SOX 404 under COSO Framework

Overview: Financial reporting for Public Companies became increasingly complex for smaller public companies with the introduction of a federal law called the Sarbanes-Oxley Act (SOX) which was passed in 2002. Of course, SOX was enacted in response to numerous large-company accounting scandals and it created a new world of responsibilities (as well as burdens and risks) for senior executives of Issuers and their audit committees.

Section 404(a) of SOX requires management to evaluate its internal controls over financial reporting. The most commonly used and understood framework for evaluating internal controls over financial reporting is that contained in the report of The Committee of Sponsoring Organizations of the Treadway Commission (COSO). The COSO report, Internal Control—Integrated Framework, established a broad definition of internal control extending to all objectives of an organization. The COSO report established three categories of controls: effectiveness and efficiency of operations; reliability of financial reporting; and compliance with laws and regulations. It also identified five interrelated components that must be present and functioning to have an effective internal control system, and it described the criteria for effective internal control.

The risks of non-compliance are enormous for those responsible for certifying the accuracy of financial data. Compliance administration is complex and costly which can stretch financial resources thin. The costs of implementing and maintaining compliance with Section 404, if not properly managed, can be exorbitant.

Services: Certainly, there are many consulting solutions in the market place that provide turn-key solutions to most companies’ SOX 404 implementation and monitoring requirements. Our services, conversely, are designed to empower management and its employees to assume most of the responsibilities for implementation and monitoring.

We have extensive experience providing SOX 404 services and, as a result our team has developed and continuously improved upon a robust SOX-404 Toolkit. With the proper tools our general approach is:

  • Provide initial training on the COSO Framework and the use of the Toolkit
  • Supervise employees in developing the planning phase elements (risk assessments, definitions, plans)
  • Review significant elements of production and manage the timeliness of commitments
  • Play a heavier role where needed (e.g. Entity Level Assessments)
  • Frequently report to management and the Audit Committee on the status of the project.

We believe that management prefers the empowerment of company employees taking on this daunting task. We provide that empowerment.

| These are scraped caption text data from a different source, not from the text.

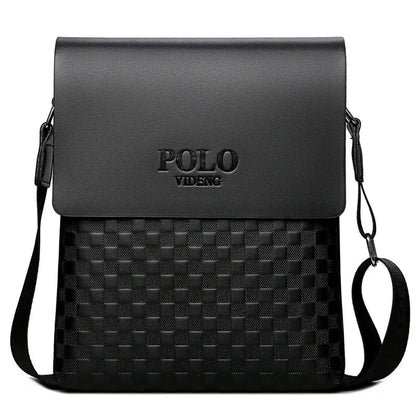 2025 Men's Shoulder Crossbody Bag Korean Version Fashionable Chessboard Pattern Embossed New Men's Casual Business Bag Blue Wolf Store Black 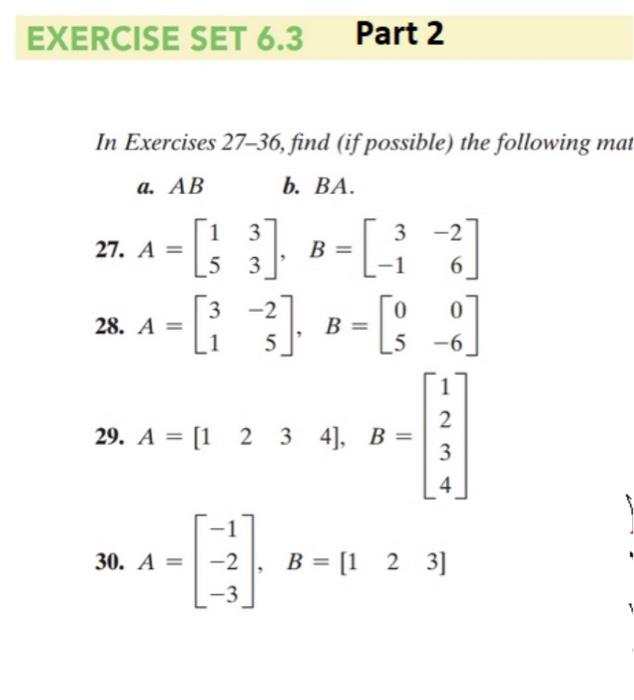 Solved In Exercises 27-36, Find (if Possible) The Following | Chegg.com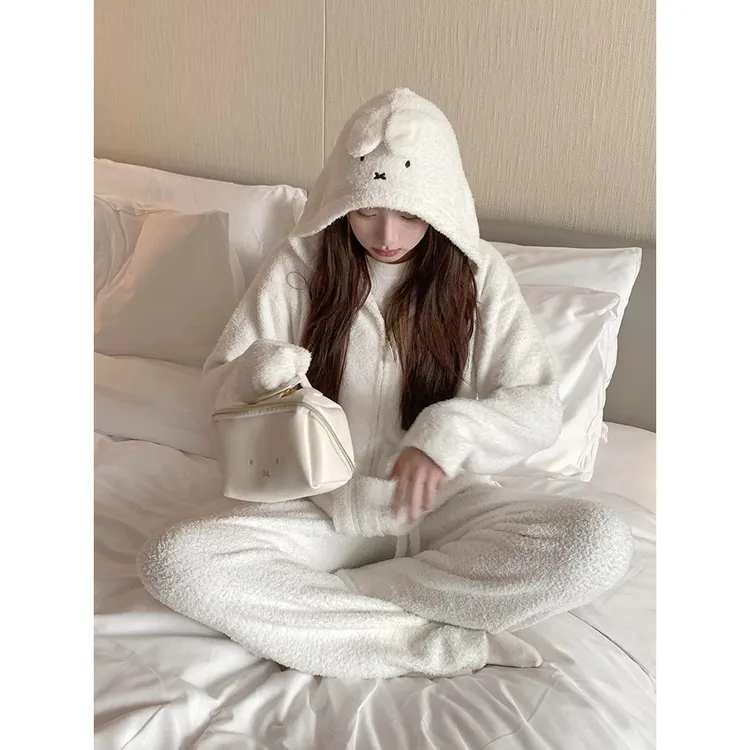 可爱米菲兔半边绒睡衣女冬季加厚毛绒针织连帽开衫长裤家居服套装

Case Study: A middle-market, very cost-conscious public company approached us for an alternative to the highly-expensive proposals for their initial SOX404 implementation, necessary for management’s report under Section 404(a). Management reviewed our approach and tools and concluded that company employees could “block-and-tackle” the project with our oversight. Granted, there was an internal cost associated with the implementation. However, when completed our fees were less than 25% of the lowest proposal that management had received.